VOTING
AGREEMENT, dated as of December 20, 2006 (this “
Agreement ”), between NATIONAL HEALTHCARE CORPORATION,
a Delaware corporation (“ Parent ”), and
NATIONAL HEALTH REALTY, INC., a Maryland corporation (“
Company ”), and each stockholder of Parent and Company
whose name and signature is set forth on the signature page hereof
(collectively, the “ Stockholders ,” and each, a
“ Stockholder ”).
WHEREAS,
Davis Acquisition Sub LLC, a Delaware corporation and a
wholly-owned subsidiary of NHC/OP (“ Merger Subsidiary
”), NHC/OP, L.P., a Delaware limited partnership (“
NHC/OP ”), Parent and Company are, concurrently with
the execution hereof, entering into an Agreement and Plan of Merger
(the “ Merger Agreement ”);
WHEREAS,
pursuant to the Merger Agreement, a successor to Company will merge
with and into Merger Subsidiary, with Merger Subsidiary being the
surviving entity (the “ Merger ”), and upon the
consummation of the Merger each share of common stock of the
successor to Company, par value $0.01 per share, will be converted
into the right to receive the Merger Consideration;
WHEREAS,
each Stockholder is the record and/or beneficial owner of such
number of shares of common stock of Parent, par value $0.01 per
share (the “ Parent Common Stock ”), or shares
of common stock of Company, par value $0.01 per share (the “
Company Common Stock ”) as the case may be, as is set
forth opposite such Stockholder’s name on Schedule I
hereof (collectively, the “ Existing Shares
”);
WHEREAS,
each Stockholder acknowledges that Merger Subsidiary, NHC/OP,
Parent and Company are entering into the Merger Agreement in
reliance on the representations, warranties, covenants and other
agreements of such Stockholder set forth in this Agreement and
would not enter into the Merger Agreement if each such Stockholder
did not enter into this Agreement.
NOW,
THEREFORE, in consideration of the foregoing and the respective
representations, warranties, covenants and agreements set forth
herein and in the Merger Agreement, and intending to be legally
bound hereby, Parent, Company and each Stockholder agree as
follows:
1.
Defined Terms . Capitalized terms used herein without
definition shall have the meanings assigned to such terms in the
Merger Agreement.

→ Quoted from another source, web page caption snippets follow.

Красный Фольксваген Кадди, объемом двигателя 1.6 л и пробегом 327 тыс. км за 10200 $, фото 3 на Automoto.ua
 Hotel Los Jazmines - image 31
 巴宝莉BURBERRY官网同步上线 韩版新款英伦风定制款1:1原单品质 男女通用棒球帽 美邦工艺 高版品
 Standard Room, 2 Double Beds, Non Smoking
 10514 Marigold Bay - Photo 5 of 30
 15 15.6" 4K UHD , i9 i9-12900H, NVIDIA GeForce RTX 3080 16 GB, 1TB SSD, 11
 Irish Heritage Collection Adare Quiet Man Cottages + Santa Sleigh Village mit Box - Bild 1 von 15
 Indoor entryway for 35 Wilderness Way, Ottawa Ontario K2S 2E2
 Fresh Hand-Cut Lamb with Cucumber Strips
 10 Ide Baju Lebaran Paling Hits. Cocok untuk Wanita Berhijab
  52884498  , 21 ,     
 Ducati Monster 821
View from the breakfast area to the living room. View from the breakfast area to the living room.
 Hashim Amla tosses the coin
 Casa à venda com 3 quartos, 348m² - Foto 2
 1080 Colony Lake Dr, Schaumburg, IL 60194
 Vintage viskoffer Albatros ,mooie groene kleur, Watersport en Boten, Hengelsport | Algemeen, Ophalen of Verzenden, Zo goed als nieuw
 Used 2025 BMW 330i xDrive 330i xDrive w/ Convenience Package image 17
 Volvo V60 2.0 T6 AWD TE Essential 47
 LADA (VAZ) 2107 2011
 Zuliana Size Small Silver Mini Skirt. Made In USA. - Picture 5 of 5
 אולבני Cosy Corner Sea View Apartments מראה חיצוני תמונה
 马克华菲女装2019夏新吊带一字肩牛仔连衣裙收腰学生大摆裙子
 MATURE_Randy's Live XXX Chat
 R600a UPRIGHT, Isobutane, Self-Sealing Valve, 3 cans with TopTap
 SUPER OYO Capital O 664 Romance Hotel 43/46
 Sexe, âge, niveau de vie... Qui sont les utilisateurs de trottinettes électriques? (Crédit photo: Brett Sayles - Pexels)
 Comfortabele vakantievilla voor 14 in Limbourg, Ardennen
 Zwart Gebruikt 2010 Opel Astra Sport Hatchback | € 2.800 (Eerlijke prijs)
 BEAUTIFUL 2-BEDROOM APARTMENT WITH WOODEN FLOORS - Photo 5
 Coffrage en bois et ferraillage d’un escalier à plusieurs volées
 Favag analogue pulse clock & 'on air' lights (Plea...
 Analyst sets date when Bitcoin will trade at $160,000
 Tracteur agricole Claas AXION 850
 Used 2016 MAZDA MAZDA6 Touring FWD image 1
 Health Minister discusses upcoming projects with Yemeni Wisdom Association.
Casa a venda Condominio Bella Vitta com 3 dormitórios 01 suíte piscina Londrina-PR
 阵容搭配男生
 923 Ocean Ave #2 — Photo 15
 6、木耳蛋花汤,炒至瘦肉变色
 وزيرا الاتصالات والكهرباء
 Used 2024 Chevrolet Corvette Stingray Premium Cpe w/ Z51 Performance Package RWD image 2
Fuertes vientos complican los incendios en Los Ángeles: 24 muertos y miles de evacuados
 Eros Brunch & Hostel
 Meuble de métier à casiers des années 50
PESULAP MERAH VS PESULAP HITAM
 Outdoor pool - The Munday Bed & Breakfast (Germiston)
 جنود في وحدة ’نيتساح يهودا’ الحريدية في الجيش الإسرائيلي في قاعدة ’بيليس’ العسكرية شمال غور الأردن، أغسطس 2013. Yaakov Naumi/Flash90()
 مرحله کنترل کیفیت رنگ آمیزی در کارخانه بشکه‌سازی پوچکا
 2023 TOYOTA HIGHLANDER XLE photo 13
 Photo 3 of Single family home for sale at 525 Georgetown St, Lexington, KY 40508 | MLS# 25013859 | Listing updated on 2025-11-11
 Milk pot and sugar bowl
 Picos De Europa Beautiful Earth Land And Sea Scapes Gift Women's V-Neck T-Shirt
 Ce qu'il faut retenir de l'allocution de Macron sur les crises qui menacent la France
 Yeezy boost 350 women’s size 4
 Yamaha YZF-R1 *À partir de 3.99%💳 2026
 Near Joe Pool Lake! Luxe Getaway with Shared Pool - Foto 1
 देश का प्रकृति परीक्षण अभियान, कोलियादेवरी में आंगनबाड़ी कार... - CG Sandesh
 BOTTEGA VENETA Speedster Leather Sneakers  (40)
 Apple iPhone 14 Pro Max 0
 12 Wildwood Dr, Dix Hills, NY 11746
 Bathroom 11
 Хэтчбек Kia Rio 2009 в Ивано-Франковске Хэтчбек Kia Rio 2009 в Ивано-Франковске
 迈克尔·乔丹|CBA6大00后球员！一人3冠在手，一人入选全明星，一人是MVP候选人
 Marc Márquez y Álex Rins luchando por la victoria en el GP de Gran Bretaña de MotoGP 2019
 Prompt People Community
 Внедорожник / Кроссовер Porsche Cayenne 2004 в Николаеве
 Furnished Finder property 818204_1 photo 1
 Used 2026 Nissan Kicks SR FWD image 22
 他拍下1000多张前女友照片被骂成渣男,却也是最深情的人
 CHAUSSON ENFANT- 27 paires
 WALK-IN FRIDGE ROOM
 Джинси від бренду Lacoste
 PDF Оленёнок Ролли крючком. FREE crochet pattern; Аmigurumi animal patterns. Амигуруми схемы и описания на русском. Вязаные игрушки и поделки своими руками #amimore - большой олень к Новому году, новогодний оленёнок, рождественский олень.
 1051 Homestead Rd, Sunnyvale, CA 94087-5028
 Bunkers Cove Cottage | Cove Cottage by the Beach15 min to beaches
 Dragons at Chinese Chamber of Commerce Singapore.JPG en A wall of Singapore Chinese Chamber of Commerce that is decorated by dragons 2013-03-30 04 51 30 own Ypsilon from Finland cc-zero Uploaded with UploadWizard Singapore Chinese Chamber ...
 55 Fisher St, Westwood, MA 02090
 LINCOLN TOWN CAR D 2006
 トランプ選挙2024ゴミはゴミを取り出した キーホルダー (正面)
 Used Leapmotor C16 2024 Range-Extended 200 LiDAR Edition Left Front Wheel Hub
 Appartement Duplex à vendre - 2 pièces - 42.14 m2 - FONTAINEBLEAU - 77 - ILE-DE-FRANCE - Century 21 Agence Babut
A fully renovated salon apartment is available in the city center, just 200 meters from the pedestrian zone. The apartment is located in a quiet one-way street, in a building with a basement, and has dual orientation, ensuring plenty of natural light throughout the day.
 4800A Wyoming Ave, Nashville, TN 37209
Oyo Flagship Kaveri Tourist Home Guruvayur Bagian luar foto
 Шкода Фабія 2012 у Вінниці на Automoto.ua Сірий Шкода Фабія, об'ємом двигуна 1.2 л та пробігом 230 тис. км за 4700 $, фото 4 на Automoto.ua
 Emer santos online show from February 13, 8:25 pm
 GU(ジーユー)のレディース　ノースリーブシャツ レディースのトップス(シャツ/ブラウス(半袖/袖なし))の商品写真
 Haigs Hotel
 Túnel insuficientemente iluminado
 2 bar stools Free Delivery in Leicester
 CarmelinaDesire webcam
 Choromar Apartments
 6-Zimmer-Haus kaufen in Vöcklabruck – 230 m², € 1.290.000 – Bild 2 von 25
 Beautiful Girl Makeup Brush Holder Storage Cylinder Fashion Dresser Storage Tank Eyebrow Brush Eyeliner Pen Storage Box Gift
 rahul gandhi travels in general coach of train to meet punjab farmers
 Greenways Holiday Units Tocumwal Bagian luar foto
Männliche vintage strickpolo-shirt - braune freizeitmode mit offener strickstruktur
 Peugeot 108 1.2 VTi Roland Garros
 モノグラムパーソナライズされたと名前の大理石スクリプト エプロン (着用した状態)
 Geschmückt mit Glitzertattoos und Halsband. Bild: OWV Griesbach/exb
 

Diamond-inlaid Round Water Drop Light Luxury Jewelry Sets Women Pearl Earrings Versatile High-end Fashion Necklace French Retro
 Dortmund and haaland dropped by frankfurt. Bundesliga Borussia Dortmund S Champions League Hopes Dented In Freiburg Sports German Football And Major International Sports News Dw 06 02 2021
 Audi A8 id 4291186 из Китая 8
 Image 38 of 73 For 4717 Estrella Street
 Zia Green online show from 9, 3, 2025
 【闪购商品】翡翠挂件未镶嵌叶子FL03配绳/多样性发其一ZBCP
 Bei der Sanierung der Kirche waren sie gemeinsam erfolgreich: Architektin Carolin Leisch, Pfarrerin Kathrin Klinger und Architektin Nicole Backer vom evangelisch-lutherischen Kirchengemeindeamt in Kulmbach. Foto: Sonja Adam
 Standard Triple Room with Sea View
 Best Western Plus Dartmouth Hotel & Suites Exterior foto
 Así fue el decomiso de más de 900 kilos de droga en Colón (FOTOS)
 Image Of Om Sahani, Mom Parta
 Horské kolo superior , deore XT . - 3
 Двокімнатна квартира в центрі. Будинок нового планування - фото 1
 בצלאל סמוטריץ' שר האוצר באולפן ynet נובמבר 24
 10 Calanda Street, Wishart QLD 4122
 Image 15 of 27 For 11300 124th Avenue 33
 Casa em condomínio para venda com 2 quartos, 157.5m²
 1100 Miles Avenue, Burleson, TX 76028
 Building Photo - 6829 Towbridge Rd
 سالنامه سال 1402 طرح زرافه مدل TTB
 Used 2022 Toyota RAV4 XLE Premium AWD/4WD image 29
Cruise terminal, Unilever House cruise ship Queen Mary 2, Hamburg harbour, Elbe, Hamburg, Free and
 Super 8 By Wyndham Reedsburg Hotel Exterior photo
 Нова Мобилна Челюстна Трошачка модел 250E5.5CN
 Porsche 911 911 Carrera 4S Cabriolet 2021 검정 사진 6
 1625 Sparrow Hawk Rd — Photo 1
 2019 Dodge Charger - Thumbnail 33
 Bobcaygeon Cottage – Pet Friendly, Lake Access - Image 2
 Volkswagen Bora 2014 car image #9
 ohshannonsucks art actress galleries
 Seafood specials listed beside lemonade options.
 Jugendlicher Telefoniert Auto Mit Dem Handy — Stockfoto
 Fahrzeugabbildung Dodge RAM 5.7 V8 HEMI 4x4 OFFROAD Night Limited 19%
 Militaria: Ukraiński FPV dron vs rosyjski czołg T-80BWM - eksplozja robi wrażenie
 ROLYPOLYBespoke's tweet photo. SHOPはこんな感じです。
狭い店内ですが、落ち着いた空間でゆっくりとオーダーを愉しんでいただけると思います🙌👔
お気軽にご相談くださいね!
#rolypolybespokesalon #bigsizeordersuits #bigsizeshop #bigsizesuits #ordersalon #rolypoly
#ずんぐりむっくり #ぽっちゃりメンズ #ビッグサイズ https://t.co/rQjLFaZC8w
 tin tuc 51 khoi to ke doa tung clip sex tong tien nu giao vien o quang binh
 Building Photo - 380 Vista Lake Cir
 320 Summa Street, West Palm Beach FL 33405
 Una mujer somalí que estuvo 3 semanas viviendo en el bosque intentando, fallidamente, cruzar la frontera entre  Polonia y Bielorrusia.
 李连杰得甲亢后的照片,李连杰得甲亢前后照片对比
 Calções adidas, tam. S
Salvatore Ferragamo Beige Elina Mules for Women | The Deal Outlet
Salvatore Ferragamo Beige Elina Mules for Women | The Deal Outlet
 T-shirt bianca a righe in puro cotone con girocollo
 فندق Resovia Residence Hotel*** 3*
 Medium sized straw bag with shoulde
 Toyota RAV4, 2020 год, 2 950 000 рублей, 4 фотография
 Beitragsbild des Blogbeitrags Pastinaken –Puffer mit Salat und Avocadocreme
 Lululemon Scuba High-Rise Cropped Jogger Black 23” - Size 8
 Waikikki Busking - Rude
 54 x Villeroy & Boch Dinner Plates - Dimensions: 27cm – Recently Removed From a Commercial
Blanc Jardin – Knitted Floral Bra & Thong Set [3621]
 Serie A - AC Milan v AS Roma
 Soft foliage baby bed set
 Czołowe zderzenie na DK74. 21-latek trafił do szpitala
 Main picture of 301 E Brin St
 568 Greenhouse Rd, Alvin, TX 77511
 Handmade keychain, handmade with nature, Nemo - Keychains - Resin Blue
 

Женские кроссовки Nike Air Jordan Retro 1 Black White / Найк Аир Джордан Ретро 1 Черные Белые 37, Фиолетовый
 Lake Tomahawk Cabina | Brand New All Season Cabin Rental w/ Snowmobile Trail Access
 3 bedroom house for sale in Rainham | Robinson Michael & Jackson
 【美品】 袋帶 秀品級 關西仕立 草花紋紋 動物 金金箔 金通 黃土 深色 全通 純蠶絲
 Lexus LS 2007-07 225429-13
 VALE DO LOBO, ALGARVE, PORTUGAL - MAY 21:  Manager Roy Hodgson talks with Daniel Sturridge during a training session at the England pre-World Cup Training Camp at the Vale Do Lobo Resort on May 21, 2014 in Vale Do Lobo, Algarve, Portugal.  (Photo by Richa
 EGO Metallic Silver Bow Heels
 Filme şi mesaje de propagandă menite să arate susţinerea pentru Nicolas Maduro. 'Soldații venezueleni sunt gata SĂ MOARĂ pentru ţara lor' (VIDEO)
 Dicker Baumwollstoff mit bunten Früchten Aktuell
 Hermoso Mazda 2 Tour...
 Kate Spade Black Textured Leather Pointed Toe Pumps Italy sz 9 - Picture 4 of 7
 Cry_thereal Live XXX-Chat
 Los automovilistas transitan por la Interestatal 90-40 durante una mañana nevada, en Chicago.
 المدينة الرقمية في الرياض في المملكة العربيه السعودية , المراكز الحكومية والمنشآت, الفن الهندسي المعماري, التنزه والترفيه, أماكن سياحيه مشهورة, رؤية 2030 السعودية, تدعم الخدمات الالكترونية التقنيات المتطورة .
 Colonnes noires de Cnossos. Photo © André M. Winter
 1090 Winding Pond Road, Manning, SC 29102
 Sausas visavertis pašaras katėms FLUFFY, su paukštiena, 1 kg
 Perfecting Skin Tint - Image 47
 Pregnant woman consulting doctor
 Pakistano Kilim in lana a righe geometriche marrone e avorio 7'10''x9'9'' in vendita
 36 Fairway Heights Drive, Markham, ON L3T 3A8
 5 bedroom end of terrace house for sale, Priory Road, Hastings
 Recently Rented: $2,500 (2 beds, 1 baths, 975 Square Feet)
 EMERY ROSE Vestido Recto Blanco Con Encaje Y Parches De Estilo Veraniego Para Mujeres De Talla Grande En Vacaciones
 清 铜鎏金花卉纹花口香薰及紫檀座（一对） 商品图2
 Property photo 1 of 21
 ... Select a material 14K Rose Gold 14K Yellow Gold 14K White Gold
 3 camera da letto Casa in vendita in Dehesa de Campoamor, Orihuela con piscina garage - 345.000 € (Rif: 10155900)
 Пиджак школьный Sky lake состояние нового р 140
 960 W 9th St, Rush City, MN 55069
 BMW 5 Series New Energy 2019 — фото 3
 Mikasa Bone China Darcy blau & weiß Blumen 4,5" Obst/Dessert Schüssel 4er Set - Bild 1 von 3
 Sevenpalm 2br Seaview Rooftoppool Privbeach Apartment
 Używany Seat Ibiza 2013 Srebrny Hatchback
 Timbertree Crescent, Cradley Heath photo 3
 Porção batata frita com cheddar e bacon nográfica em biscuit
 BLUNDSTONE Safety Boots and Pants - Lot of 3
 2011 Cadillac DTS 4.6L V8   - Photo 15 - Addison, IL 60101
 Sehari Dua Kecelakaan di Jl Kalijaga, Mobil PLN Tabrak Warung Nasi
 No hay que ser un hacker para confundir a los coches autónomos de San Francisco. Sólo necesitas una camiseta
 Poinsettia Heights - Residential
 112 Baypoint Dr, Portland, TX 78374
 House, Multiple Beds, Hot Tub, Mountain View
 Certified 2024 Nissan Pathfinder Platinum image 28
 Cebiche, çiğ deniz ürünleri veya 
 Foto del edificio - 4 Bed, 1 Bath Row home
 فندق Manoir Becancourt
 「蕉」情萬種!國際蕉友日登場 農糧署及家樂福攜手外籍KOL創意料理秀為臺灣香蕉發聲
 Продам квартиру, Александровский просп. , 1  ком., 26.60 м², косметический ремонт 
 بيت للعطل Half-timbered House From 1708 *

The following words have the meanings given to
them below.
“
beneficial ownership ” has the meaning set forth in
Rule 13d-3 under the Exchange Act.
“
Consolidation ” means the consolidation of Company
with its wholly-owned subsidiary pursuant to the Articles of
Consolidation, as a result of which a new Maryland corporation
shall be formed which (i) shall assume the corporate name
“National Health Realty, Inc.,” (ii) shall have as
its outstanding stock only the stock of Company outstanding
immediately prior to the effectiveness of such consolidation, and
(iii) shall succeed to the business, properties, assets and
rights and become subject to all of the obligations and liabilities
of Company, including the Merger Agreement.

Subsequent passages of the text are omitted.